WHAT NEEDS TO BE DONE -
Your copy starts at the line containing "Food label analysis worksheet" and ends at the last line below. Copy exactly, without pictures.

Short descriptive text snippets
• • • • • • •
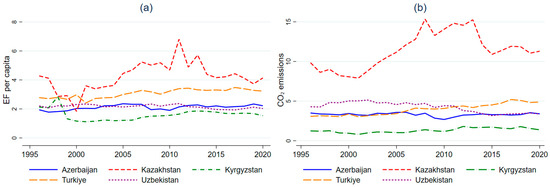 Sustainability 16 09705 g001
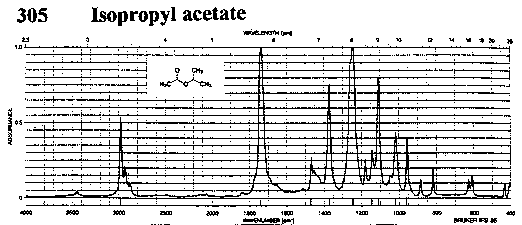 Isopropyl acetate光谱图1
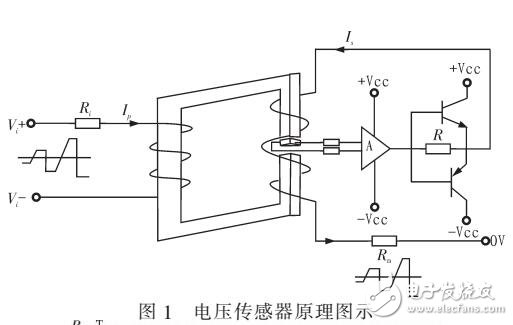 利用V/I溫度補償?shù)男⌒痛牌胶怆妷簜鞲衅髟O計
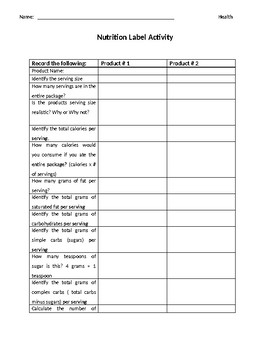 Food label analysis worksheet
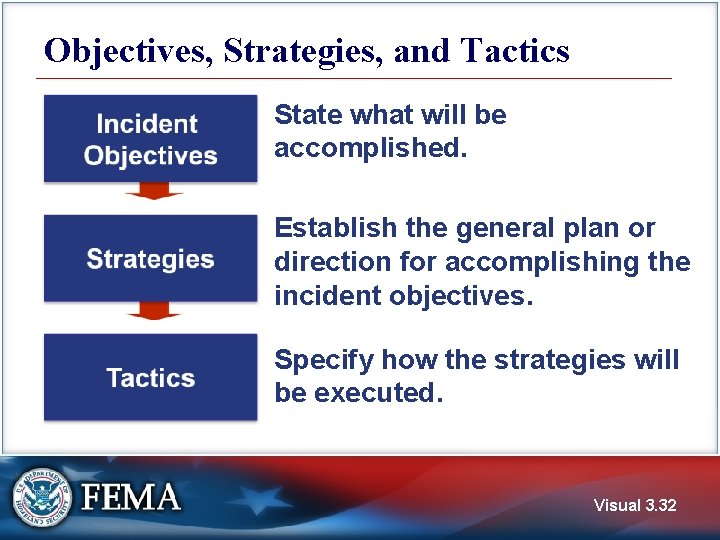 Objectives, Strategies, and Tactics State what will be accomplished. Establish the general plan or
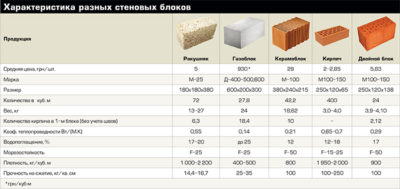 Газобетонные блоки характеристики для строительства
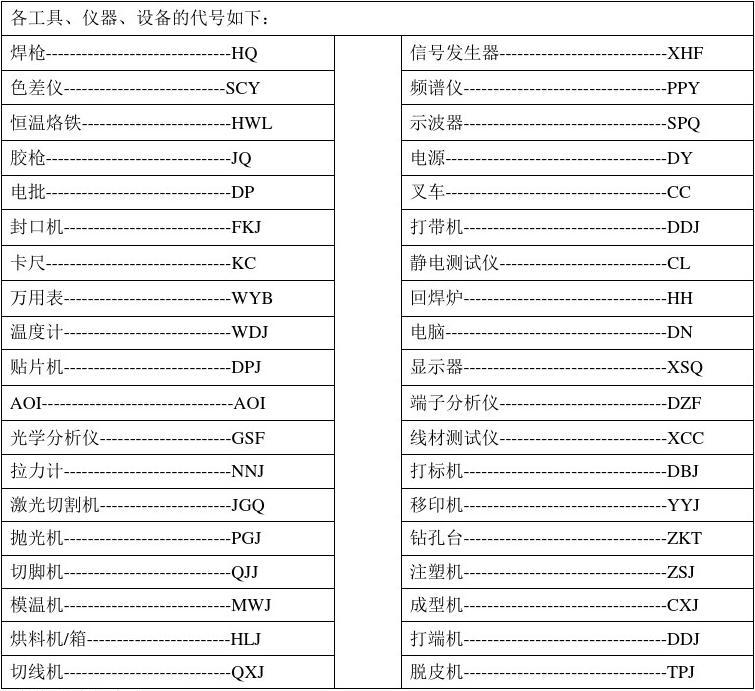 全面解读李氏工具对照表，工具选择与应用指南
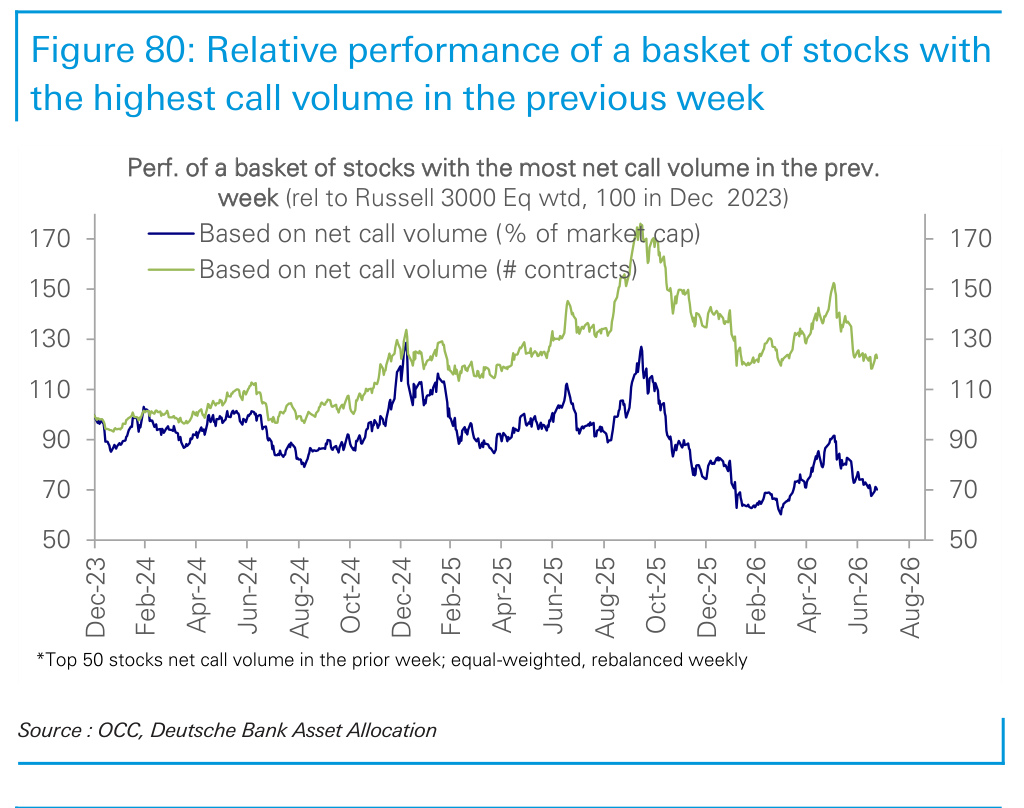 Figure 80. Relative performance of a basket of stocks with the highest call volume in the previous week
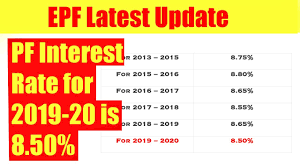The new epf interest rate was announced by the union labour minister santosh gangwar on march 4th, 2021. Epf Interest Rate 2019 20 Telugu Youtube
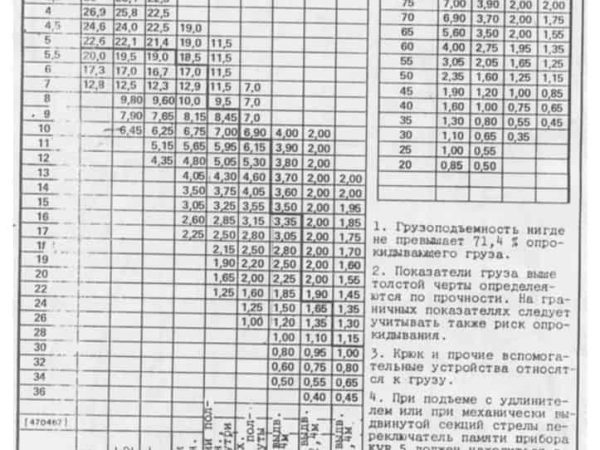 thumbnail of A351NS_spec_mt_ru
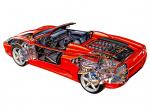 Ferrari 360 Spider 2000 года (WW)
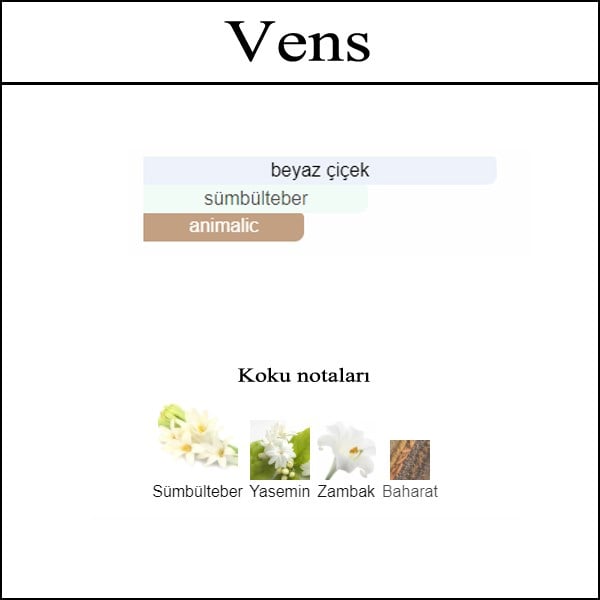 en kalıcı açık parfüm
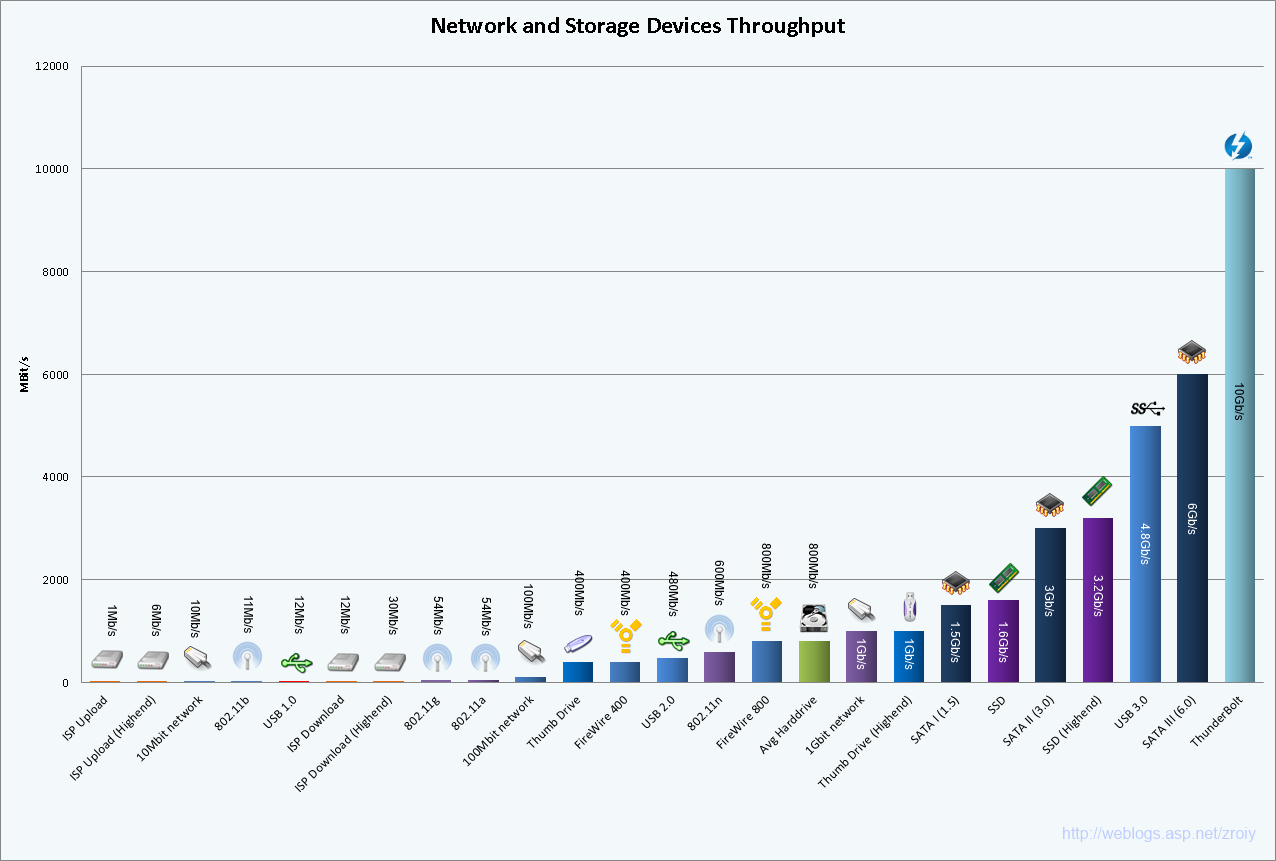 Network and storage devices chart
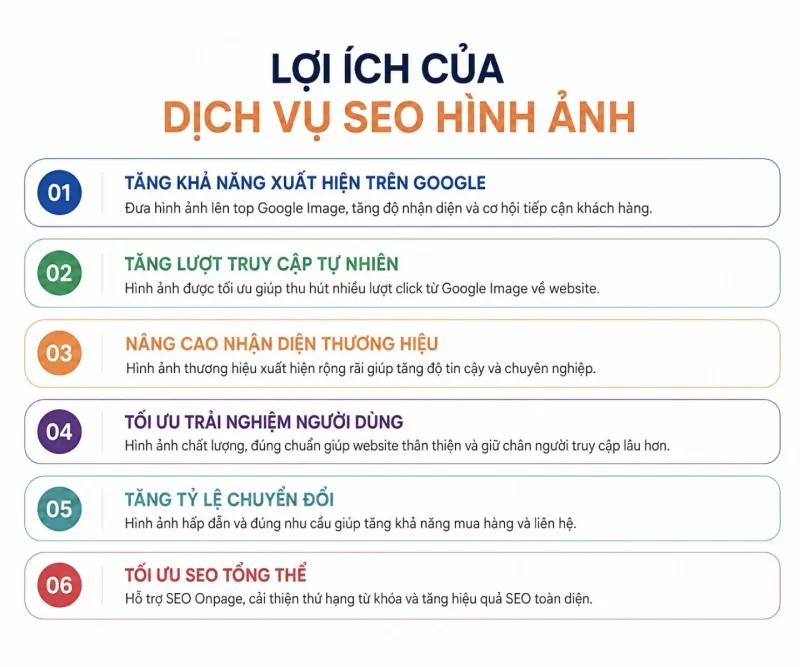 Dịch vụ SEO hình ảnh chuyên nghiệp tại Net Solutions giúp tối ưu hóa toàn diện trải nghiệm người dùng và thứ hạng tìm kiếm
• • • • • • •
ANSWER AREA -
 Food label analysis worksheet
 Objectives, Strategies, and Tactics State what will be accomplished. Establish the general plan or
 Газобетонные блоки характеристики для строительства
 全面解读李氏工具对照表，工具选择与应用指南
 Figure 80. Relative performance of a basket of stocks with the highest call volume in the previous week
The new epf interest rate was announced by the union labour minister santosh gangwar on march 4th, 2021. Epf Interest Rate 2019 20 Telugu Youtube
 thumbnail of A351NS_spec_mt_ru
 Ferrari 360 Spider 2000 года (WW)
 en kalıcı açık parfüm
 Network and storage devices chart
 Dịch vụ SEO hình ảnh chuyên nghiệp tại Net Solutions giúp tối ưu hóa toàn diện trải nghiệm người dùng và thứ hạng tìm kiếm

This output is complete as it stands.